• [Task goal]: Would you repeat the entries below exactly and omit the pictures?
━━━━━━━━
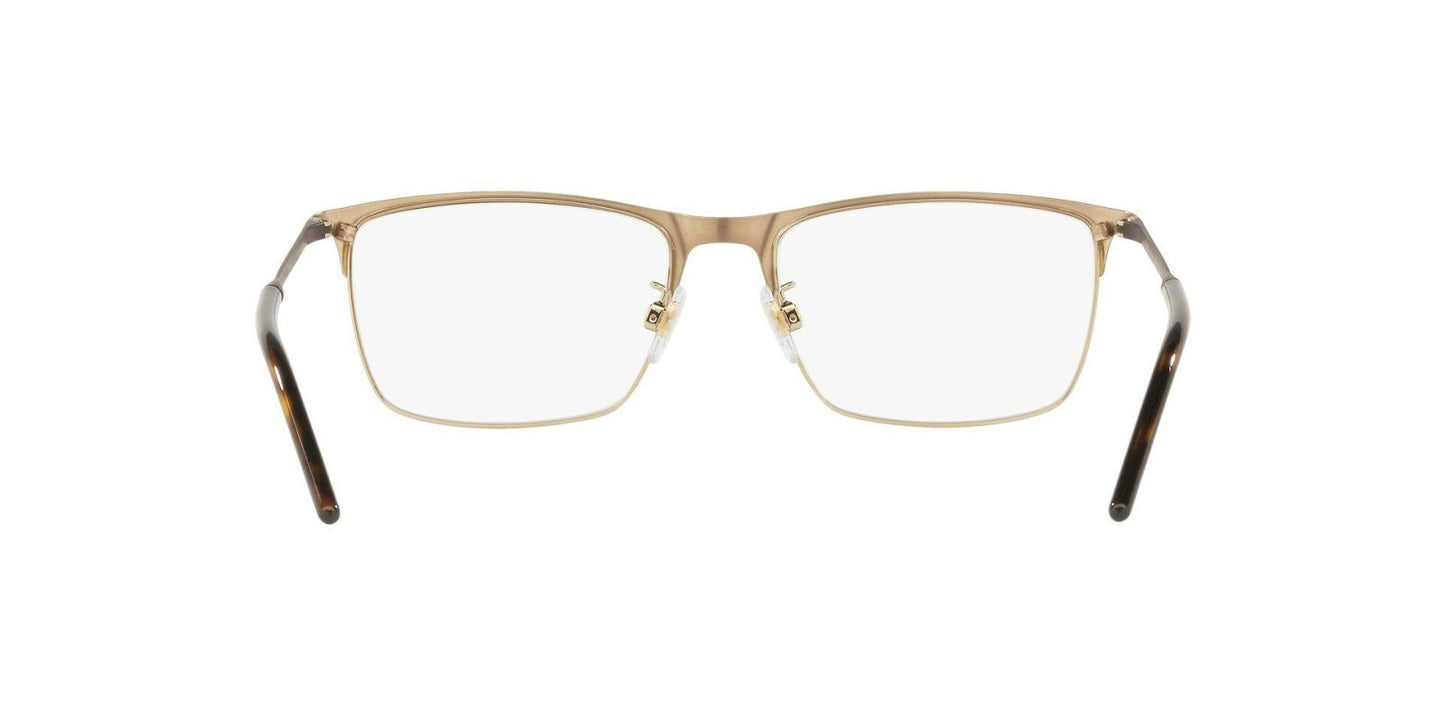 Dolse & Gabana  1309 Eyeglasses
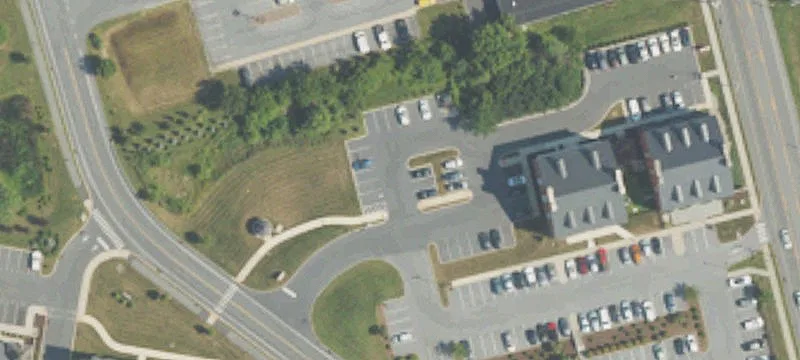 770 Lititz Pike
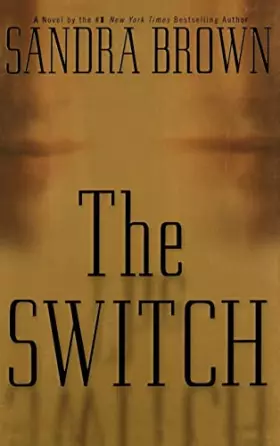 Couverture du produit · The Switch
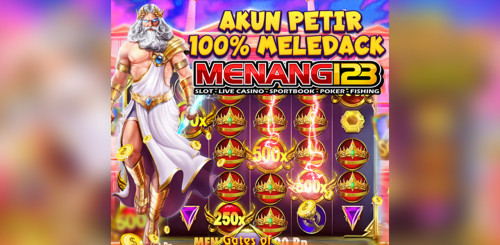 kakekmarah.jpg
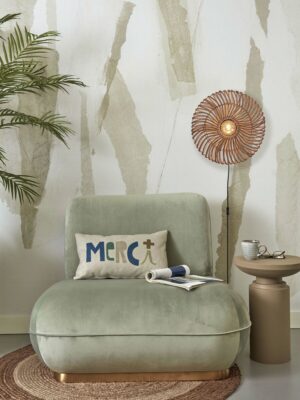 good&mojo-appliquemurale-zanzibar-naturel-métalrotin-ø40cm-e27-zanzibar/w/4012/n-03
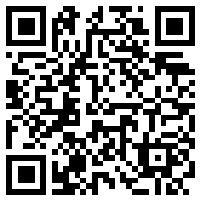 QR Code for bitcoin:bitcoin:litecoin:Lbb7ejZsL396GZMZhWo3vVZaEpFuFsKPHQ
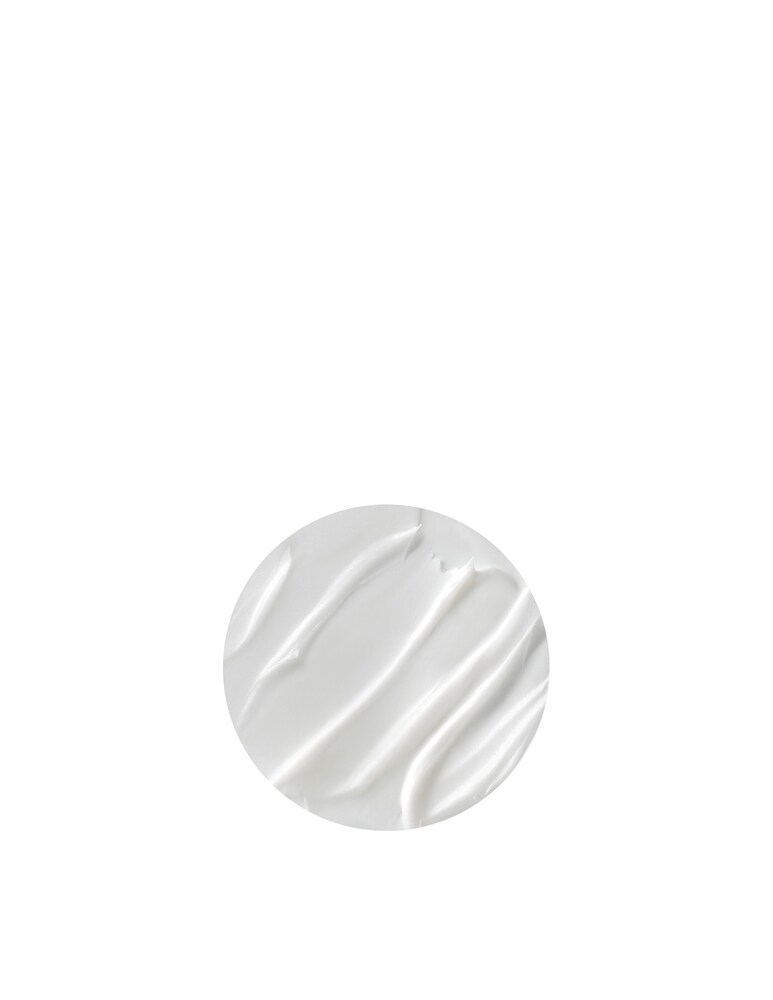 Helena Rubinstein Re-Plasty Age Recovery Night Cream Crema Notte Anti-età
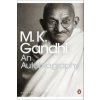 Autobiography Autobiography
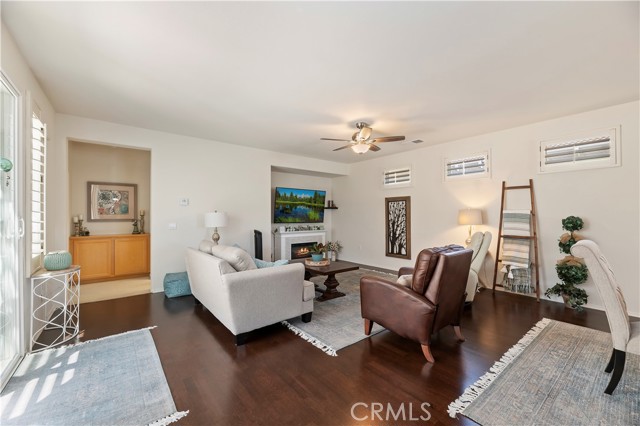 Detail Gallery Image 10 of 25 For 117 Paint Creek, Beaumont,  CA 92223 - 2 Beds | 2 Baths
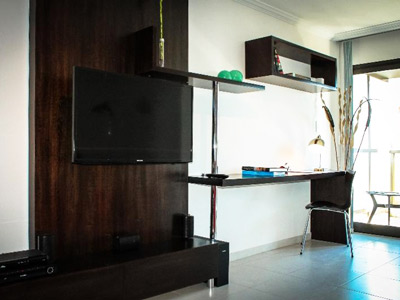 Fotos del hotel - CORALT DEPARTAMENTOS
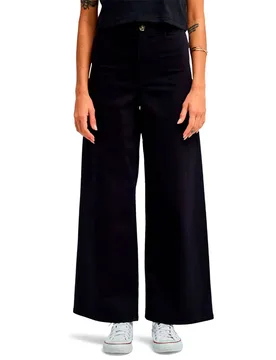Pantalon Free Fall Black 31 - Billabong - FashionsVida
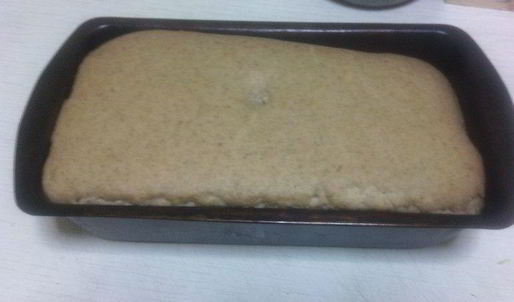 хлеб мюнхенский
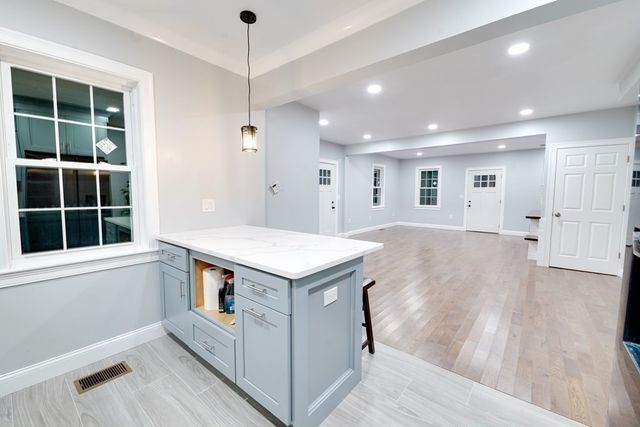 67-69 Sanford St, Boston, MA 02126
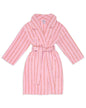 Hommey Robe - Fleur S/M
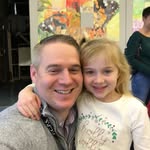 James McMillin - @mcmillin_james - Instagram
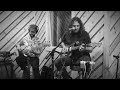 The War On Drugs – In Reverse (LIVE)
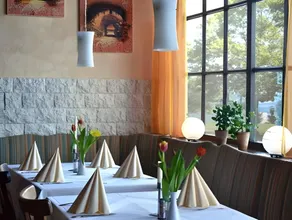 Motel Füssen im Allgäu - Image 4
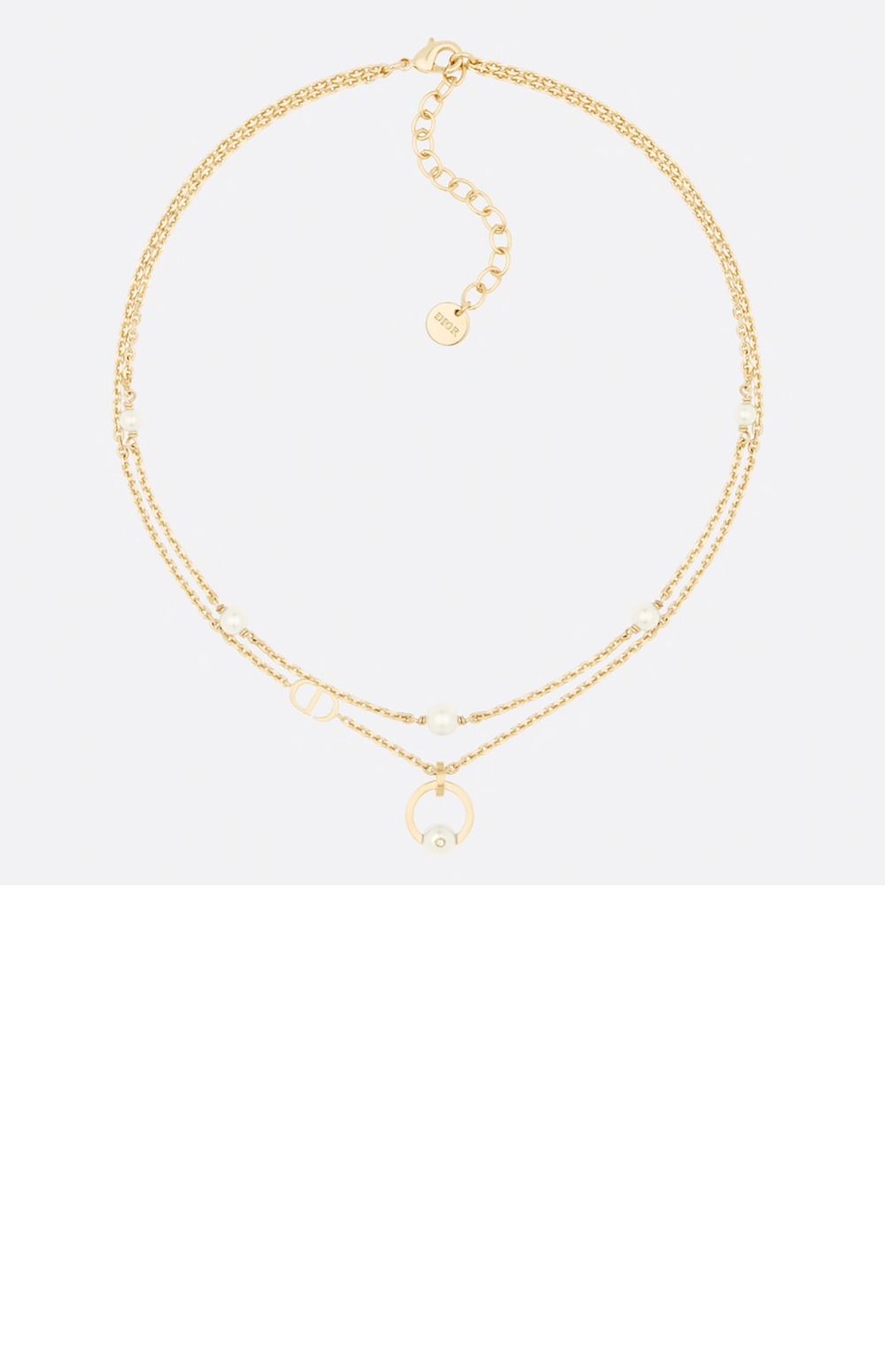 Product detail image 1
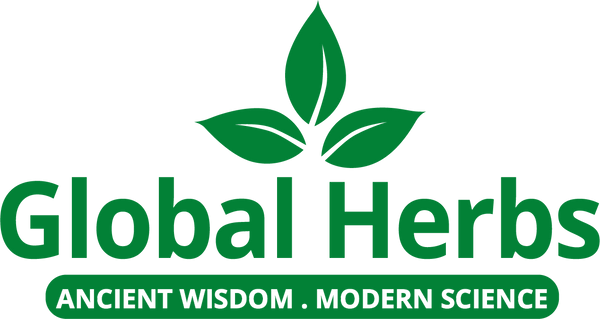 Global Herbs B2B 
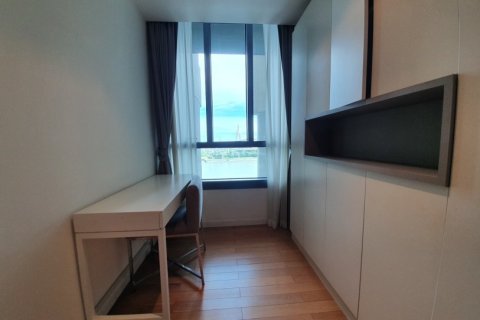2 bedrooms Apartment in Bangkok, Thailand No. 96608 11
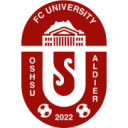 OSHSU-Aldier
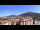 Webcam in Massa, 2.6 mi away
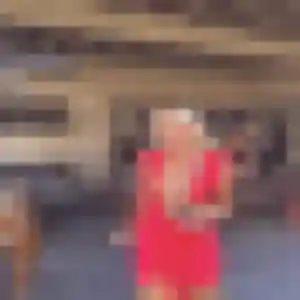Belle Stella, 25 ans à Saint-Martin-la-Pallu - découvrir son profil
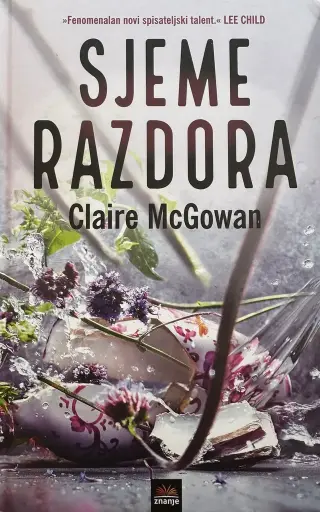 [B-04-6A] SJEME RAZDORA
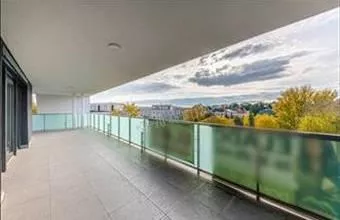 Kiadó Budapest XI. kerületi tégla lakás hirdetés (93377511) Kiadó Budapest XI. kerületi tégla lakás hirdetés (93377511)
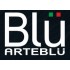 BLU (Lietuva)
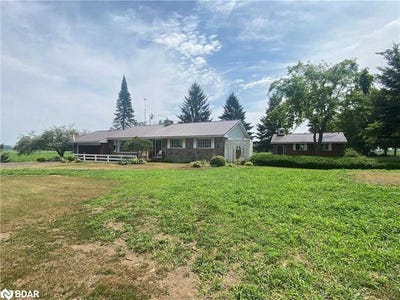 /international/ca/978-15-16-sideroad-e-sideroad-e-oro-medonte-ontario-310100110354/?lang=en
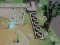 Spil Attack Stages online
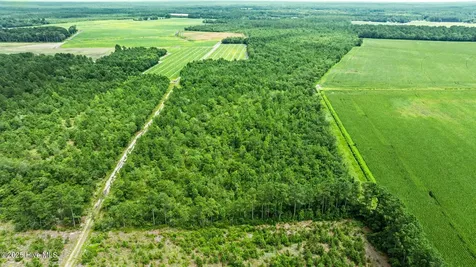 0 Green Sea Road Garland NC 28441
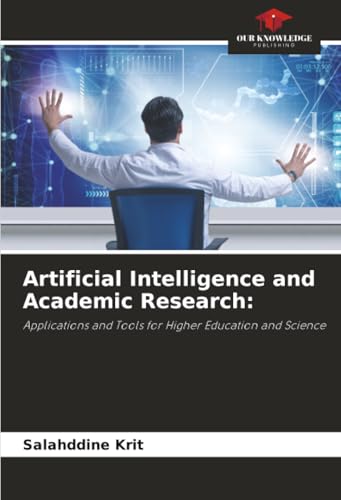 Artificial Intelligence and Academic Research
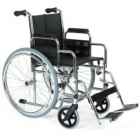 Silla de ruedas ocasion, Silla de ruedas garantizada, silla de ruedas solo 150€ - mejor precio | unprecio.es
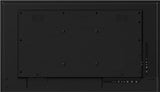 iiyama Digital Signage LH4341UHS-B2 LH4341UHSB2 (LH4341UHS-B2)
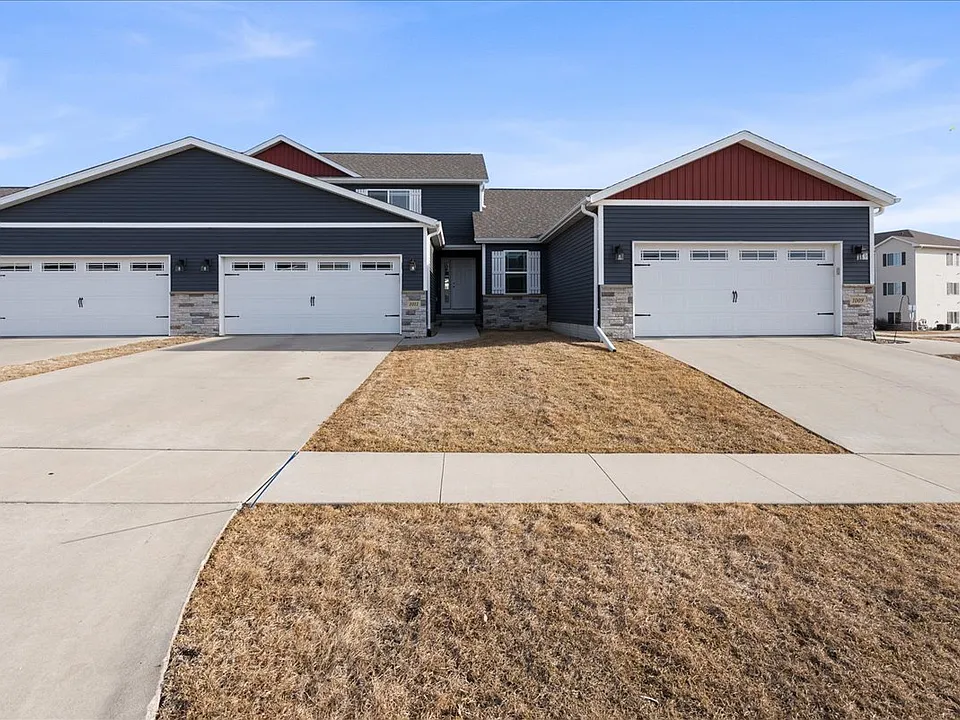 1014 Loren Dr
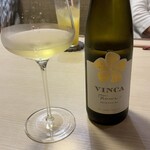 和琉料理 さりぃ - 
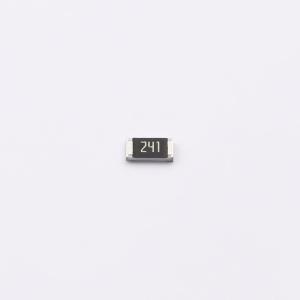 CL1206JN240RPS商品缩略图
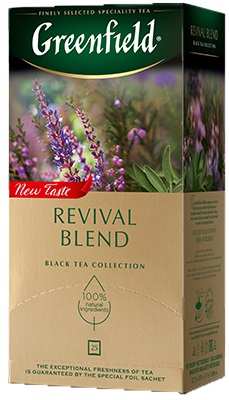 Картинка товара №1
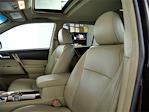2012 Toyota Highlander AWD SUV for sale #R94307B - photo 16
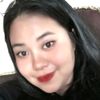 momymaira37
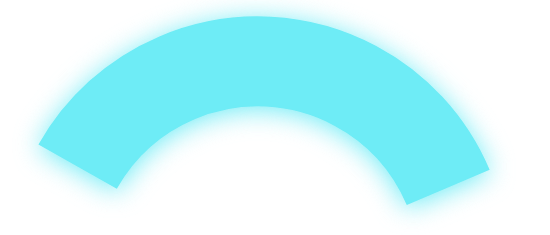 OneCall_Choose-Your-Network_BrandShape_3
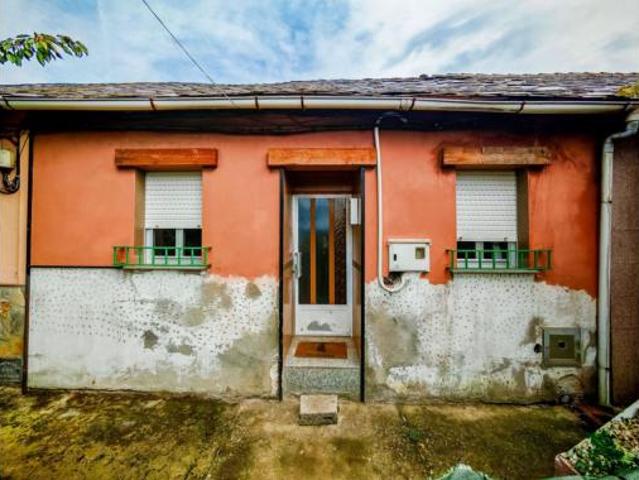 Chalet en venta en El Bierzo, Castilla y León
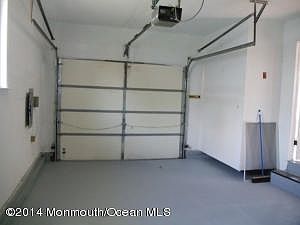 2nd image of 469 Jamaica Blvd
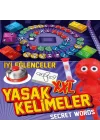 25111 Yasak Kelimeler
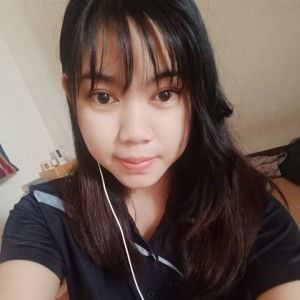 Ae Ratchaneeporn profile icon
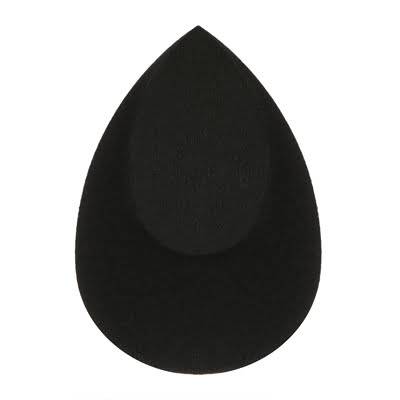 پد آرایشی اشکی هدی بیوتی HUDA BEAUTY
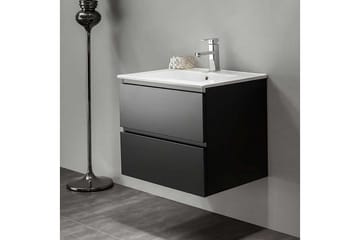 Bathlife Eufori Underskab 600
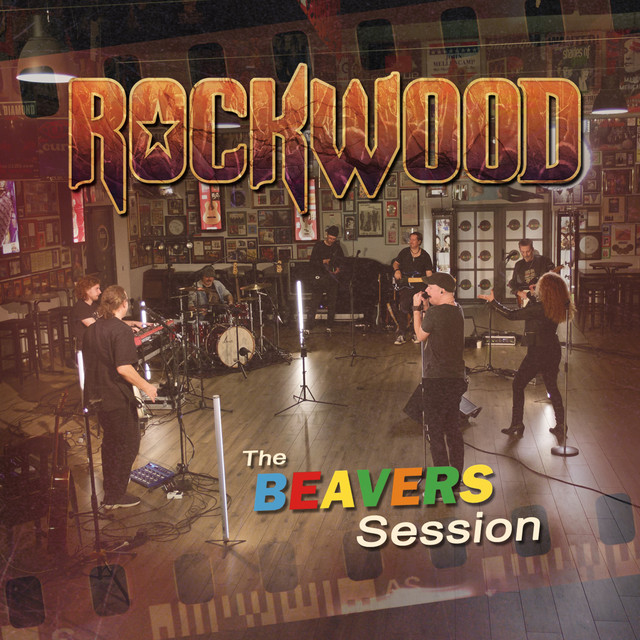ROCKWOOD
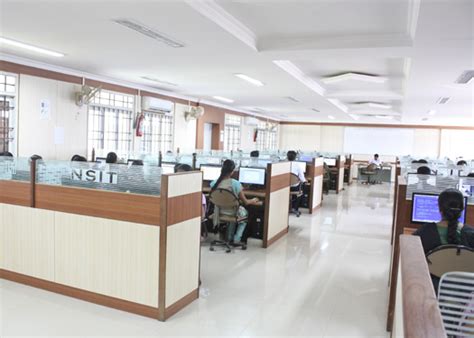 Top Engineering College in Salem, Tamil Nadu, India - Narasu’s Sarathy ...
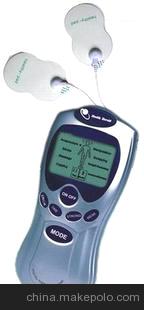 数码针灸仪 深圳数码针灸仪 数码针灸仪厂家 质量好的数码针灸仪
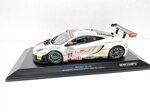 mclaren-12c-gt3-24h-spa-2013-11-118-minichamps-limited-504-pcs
━━━━━━━━
• [Problem solution]:
 Dolse & Gabana  1309 Eyeglasses
 770 Lititz Pike
 Couverture du produit · The Switch
 kakekmarah.jpg
 good&mojo-appliquemurale-zanzibar-naturel-métalrotin-ø40cm-e27-zanzibar/w/4012/n-03
 QR Code for bitcoin:bitcoin:litecoin:Lbb7ejZsL396GZMZhWo3vVZaEpFuFsKPHQ
 Helena Rubinstein Re-Plasty Age Recovery Night Cream Crema Notte Anti-età
 Autobiography Autobiography
 Detail Gallery Image 10 of 25 For 117 Paint Creek, Beaumont,  CA 92223 - 2 Beds | 2 Baths
 Fotos del hotel - CORALT DEPARTAMENTOS
Pantalon Free Fall Black 31 - Billabong - FashionsVida
 хлеб мюнхенский
 67-69 Sanford St, Boston, MA 02126
 Hommey Robe - Fleur S/M
 James McMillin - @mcmillin_james - Instagram
 The War On Drugs – In Reverse (LIVE)
 Motel Füssen im Allgäu - Image 4
 Product detail image 1
 Global Herbs B2B 
2 bedrooms Apartment in Bangkok, Thailand No. 96608 11
 OSHSU-Aldier
 Webcam in Massa, 2.6 mi away
Belle Stella, 25 ans à Saint-Martin-la-Pallu - découvrir son profil
 [B-04-6A] SJEME RAZDORA
 Kiadó Budapest XI. kerületi tégla lakás hirdetés (93377511) Kiadó Budapest XI. kerületi tégla lakás hirdetés (93377511)
 BLU (Lietuva)
 /international/ca/978-15-16-sideroad-e-sideroad-e-oro-medonte-ontario-310100110354/?lang=en
 Spil Attack Stages online
 0 Green Sea Road Garland NC 28441
 Artificial Intelligence and Academic Research
 Silla de ruedas ocasion, Silla de ruedas garantizada, silla de ruedas solo 150€ - mejor precio | unprecio.es
 iiyama Digital Signage LH4341UHS-B2 LH4341UHSB2 (LH4341UHS-B2)
 1014 Loren Dr
 和琉料理 さりぃ - 
 CL1206JN240RPS商品缩略图
 Картинка товара №1
2012 Toyota Highlander AWD SUV for sale #R94307B - photo 16
 momymaira37
 OneCall_Choose-Your-Network_BrandShape_3
 Chalet en venta en El Bierzo, Castilla y León
 2nd image of 469 Jamaica Blvd
 25111 Yasak Kelimeler
 Ae Ratchaneeporn profile icon
 پد آرایشی اشکی هدی بیوتی HUDA BEAUTY
 Bathlife Eufori Underskab 600
ROCKWOOD
 Top Engineering College in Salem, Tamil Nadu, India - Narasu’s Sarathy ...
 数码针灸仪 深圳数码针灸仪 数码针灸仪厂家 质量好的数码针灸仪
 mclaren-12c-gt3-24h-spa-2013-11-118-minichamps-limited-504-pcs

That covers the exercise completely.